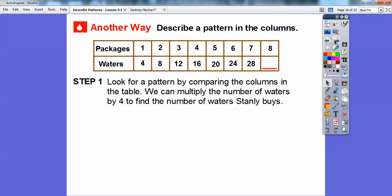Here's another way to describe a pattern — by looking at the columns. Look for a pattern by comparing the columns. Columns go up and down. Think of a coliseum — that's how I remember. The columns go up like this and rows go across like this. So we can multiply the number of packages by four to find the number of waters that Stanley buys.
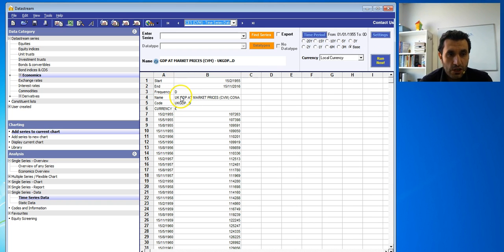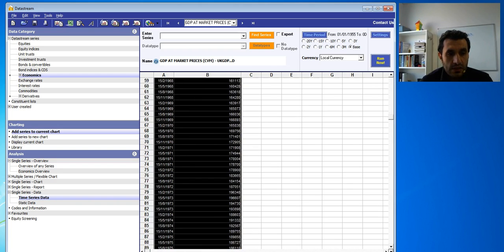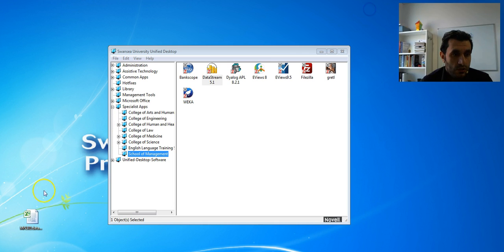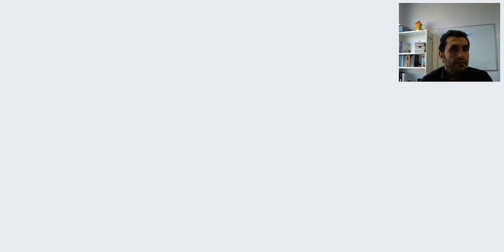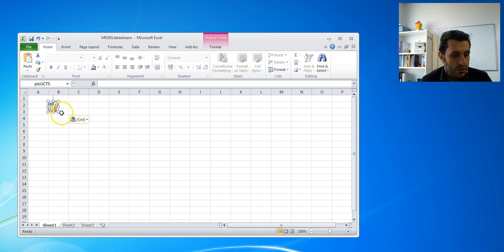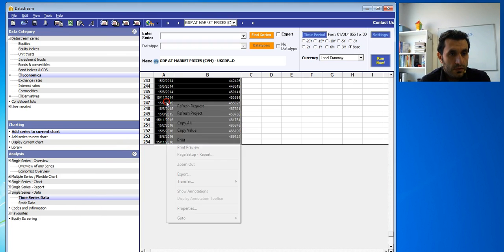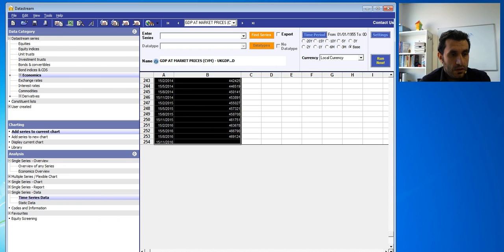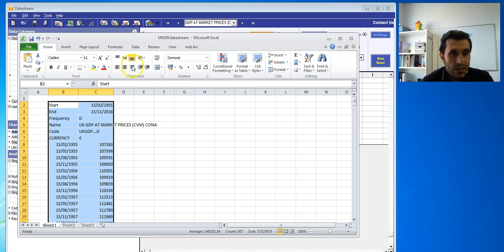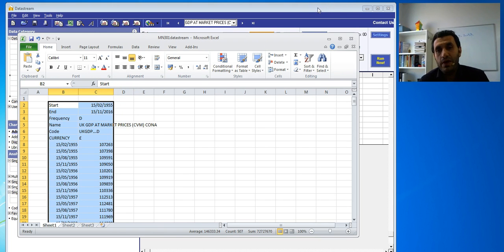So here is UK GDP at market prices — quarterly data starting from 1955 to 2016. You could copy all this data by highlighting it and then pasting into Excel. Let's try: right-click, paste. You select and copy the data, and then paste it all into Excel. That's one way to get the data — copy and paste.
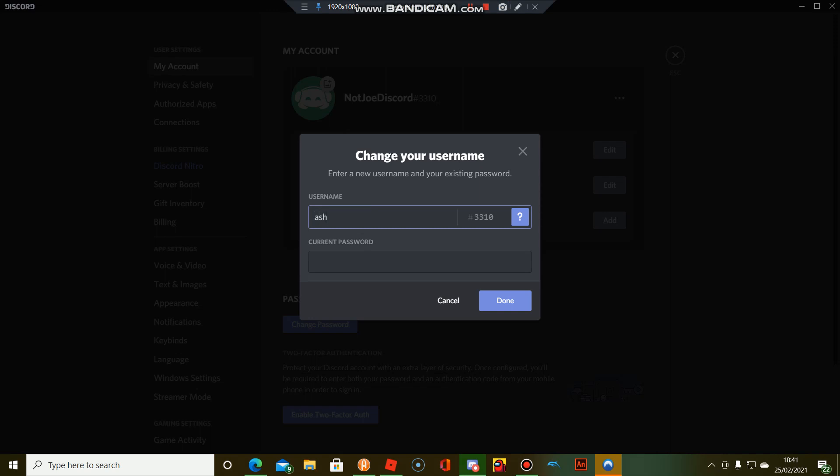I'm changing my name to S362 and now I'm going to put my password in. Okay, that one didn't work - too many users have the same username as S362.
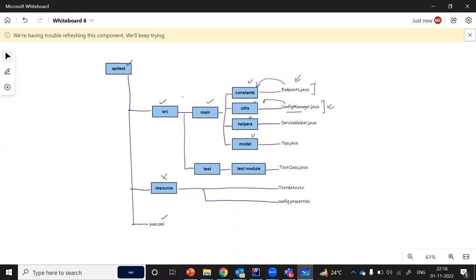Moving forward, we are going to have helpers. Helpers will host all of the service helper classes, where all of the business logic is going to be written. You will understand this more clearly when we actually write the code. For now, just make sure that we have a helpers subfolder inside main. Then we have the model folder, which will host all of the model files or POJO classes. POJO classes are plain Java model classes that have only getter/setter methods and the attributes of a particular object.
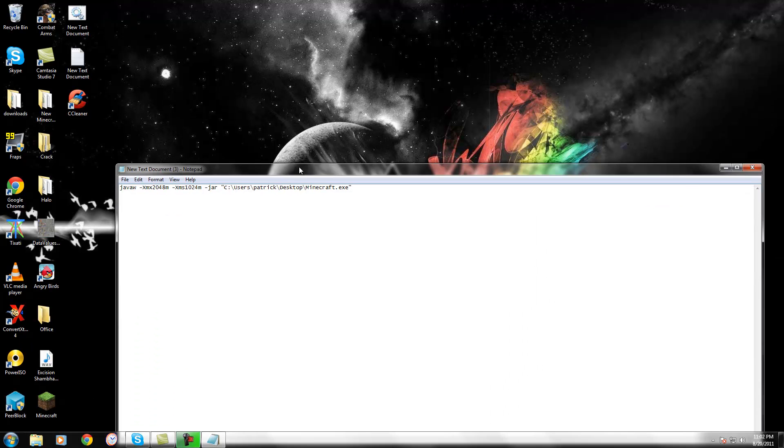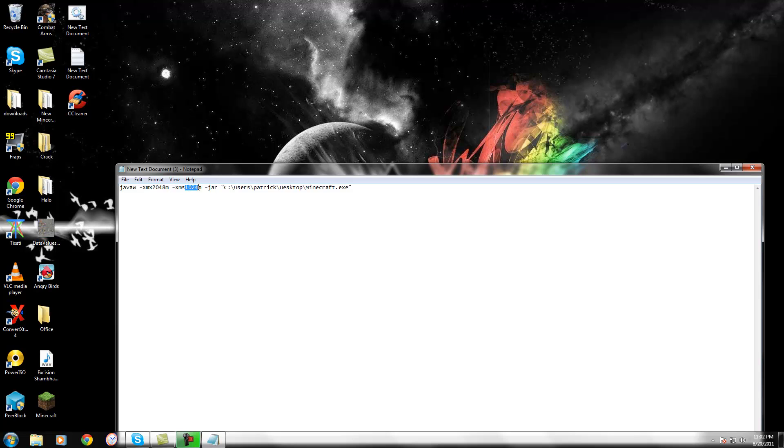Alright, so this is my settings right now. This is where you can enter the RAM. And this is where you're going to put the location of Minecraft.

++++++++++++++++++++

**Problem requirements:**
Give every line of the records above again, exactly, and omit the pictures.

**Output for this task:**
Here's another way to describe a pattern — by looking at the columns. Look for a pattern by comparing the columns. Columns go up and down. Think of a coliseum — that's how I remember. The columns go up like this and rows go across like this. So we can multiply the number of packages by four to find the number of waters that Stanley buys.
So here is UK GDP at market prices — quarterly data starting from 1955 to 2016. You could copy all this data by highlighting it and then pasting into Excel. Let's try: right-click, paste. You select and copy the data, and then paste it all into Excel. That's one way to get the data — copy and paste.
I'm changing my name to S362 and now I'm going to put my password in. Okay, that one didn't work - too many users have the same username as S362.
Moving forward, we are going to have helpers. Helpers will host all of the service helper classes, where all of the business logic is going to be written. You will understand this more clearly when we actually write the code. For now, just make sure that we have a helpers subfolder inside main. Then we have the model folder, which will host all of the model files or POJO classes. POJO classes are plain Java model classes that have only getter/setter methods and the attributes of a particular object.
Alright, so this is my settings right now. This is where you can enter the RAM. And this is where you're going to put the location of Minecraft.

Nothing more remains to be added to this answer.